Barbauld's lady mastered use of the quill. Quill pens were in use in the West at least from the time of the 7th century until the 1830s, when steel point pen points came into use. Barbauld may have known about steel pens; her friend Dr. Priestley was given a steel pen made in Birmingham by Samuel Harrison in 1780. Quills can be made from turkey, swan, and crow feathers, but the most common feather is the bleached white goose quill. In England, quills often came from Lincolnshire; other supplies were from Holland, Ireland, and the Scandanavian countries. Black goose quills were imported from Hudsons' Bay.
Quill feathers came from a bird's wing feathers and were most commonly collected at moulting time. Right-handed writers would use quills from a bird's left wing and the left-handed used feathers from the right wing. Before a quill could be used, it was stripped of barbs and the thin but tough skin removed from the shaft.

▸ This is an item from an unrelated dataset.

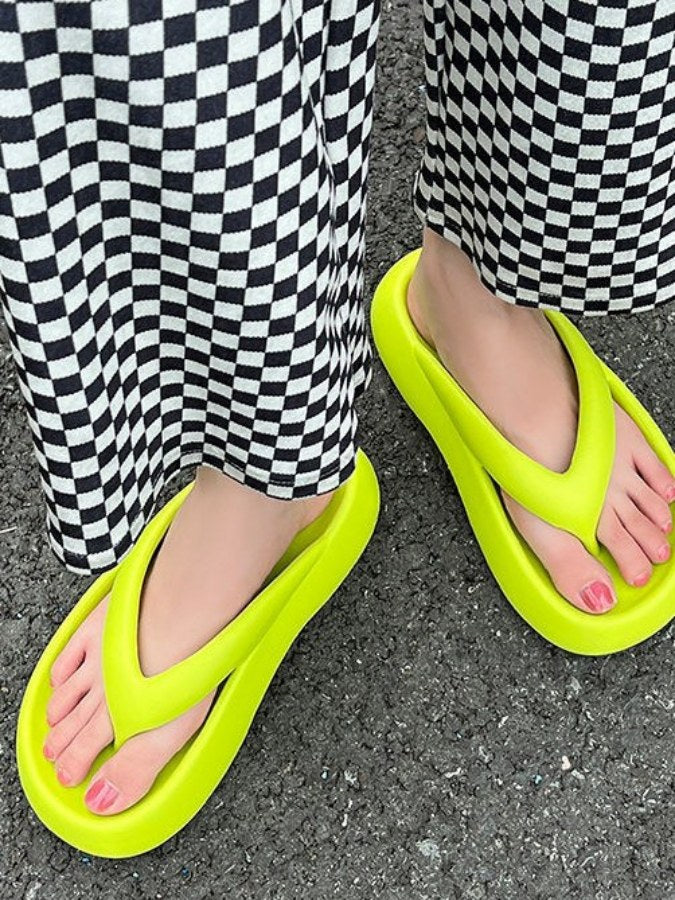 3 inch platform flip flops deals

After several months of drying the quills were soaked in water and cured or hardened by being baked for an hour in hot sand. They were then dipped in a boiling alum solution for cleaning, and tied into bundles.
Once purchased, quills were cut with a penknife or a quill cutter. Quills needed to be kept free of old ink and kept moist by being stored in a quill holder containing water. Once cut, a quill needed to be sharpened often. Ragged writing or ink spatters is a sign of a quill in need of mending.